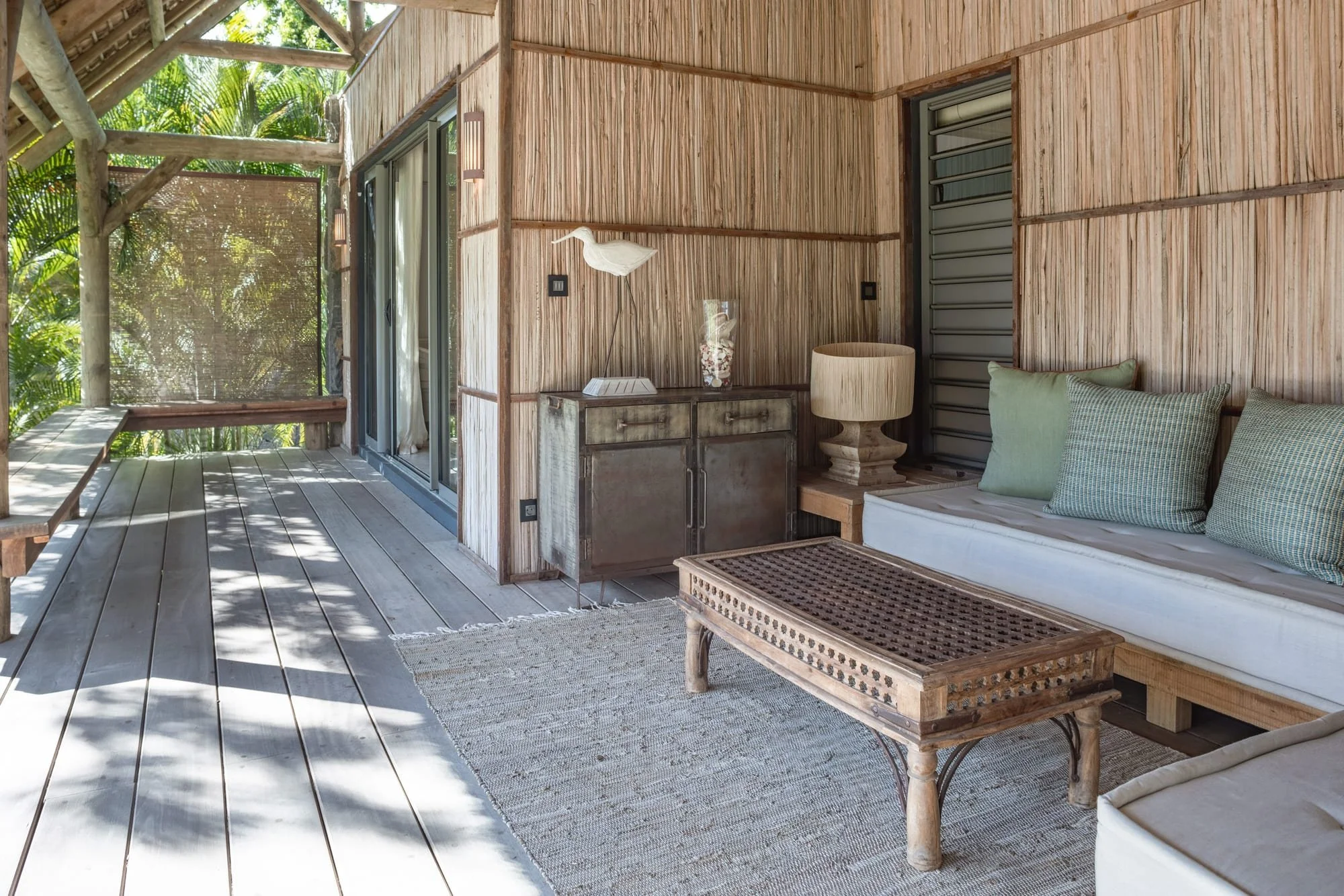 Shaded timber veranda lounge with handcrafted tropical furnishings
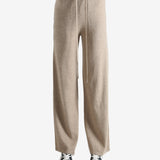 Beige pants worn by a person, showing the pants fit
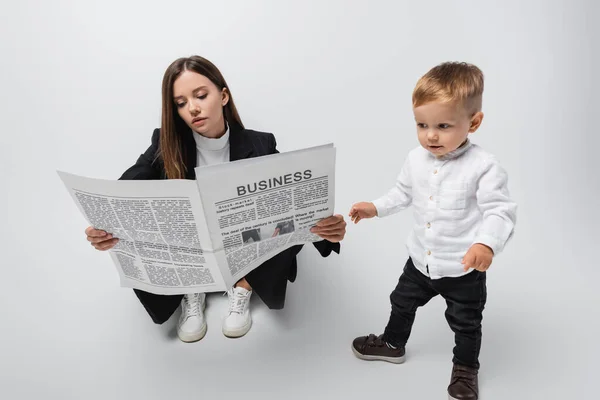 Businesswoman sitting and reading newspaper near toddler son on grey — стоковое фото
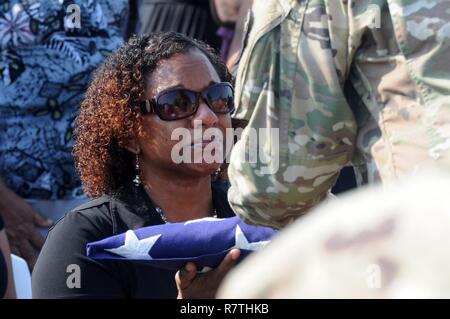 Deshana Pandy reçoit un drapeau américain à partir de la commande le Sgt. Grand Angel Rivera dans un salon funéraire détail pour son père, 22 ans, vétéran de l'Armée Le sergent-chef. David Daniel Alexander Pandy Jr., à un cimetière à Ladyville Belize, le 30 mars 2017. Le sergent-major est un réserviste de Puerto Rico du 210e groupe d'appui régional affecté à au-delà de l'horizon 2017-BELIZE, Belize un exercice de partenariat englobant trois événements de santé et cinq projets de construction visant à améliorer l'infrastructure de santé et d'éducation des communautés bélizienne. Banque D'Images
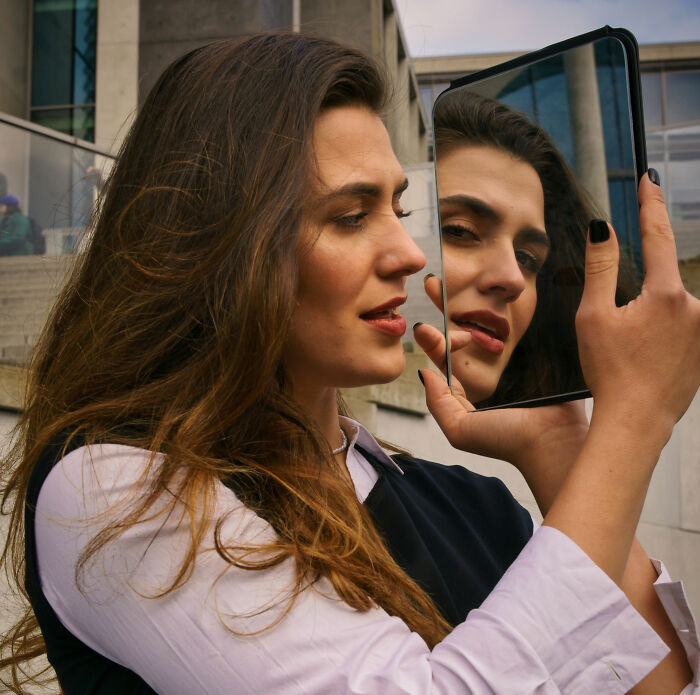 A woman looking into a mirror, part of the dating profiles Becky Experiment to test results. A woman looking into a mirror, part of the dating profiles Becky Experiment to test results.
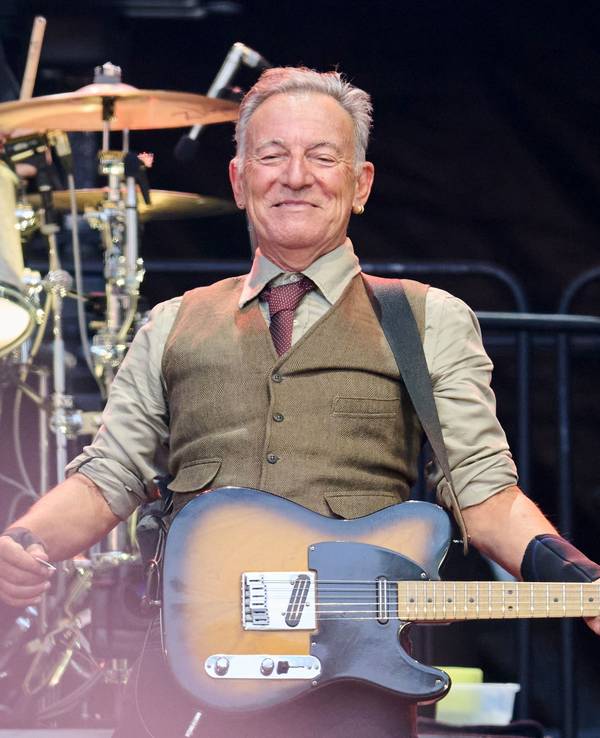 Bruce Springsteen steht mit Gitarre auf der Bühne.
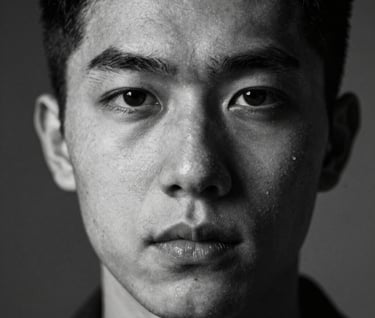 A sharp, high-contrast artistic portrait in black and white. The lighting creates deep shadows, emphasizing the subject's expression. International / Professional.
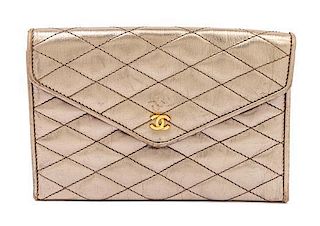 * A Chanel Gold Quilted Wallet, 6.5" x 4.5" x 1.5".
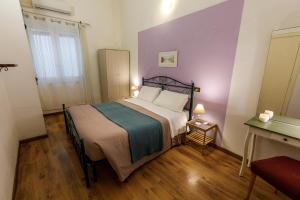 Postel nebo postele na pokoji v ubytování Onlyrooms III - Real City Center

**WORK ORDER**:
Exactly as written above, print every line of the data but not its pictures.

**ANSWER FOR THIS EXERCISE**:
 Shaded timber veranda lounge with handcrafted tropical furnishings
 Beige pants worn by a person, showing the pants fit
 Businesswoman sitting and reading newspaper near toddler son on grey — стоковое фото
 Deshana Pandy reçoit un drapeau américain à partir de la commande le Sgt. Grand Angel Rivera dans un salon funéraire détail pour son père, 22 ans, vétéran de l'Armée Le sergent-chef. David Daniel Alexander Pandy Jr., à un cimetière à Ladyville Belize, le 30 mars 2017. Le sergent-major est un réserviste de Puerto Rico du 210e groupe d'appui régional affecté à au-delà de l'horizon 2017-BELIZE, Belize un exercice de partenariat englobant trois événements de santé et cinq projets de construction visant à améliorer l'infrastructure de santé et d'éducation des communautés bélizienne. Banque D'Images
 A woman looking into a mirror, part of the dating profiles Becky Experiment to test results. A woman looking into a mirror, part of the dating profiles Becky Experiment to test results.
 Bruce Springsteen steht mit Gitarre auf der Bühne.
 A sharp, high-contrast artistic portrait in black and white. The lighting creates deep shadows, emphasizing the subject's expression. International / Professional.
 * A Chanel Gold Quilted Wallet, 6.5" x 4.5" x 1.5".
 Postel nebo postele na pokoji v ubytování Onlyrooms III - Real City Center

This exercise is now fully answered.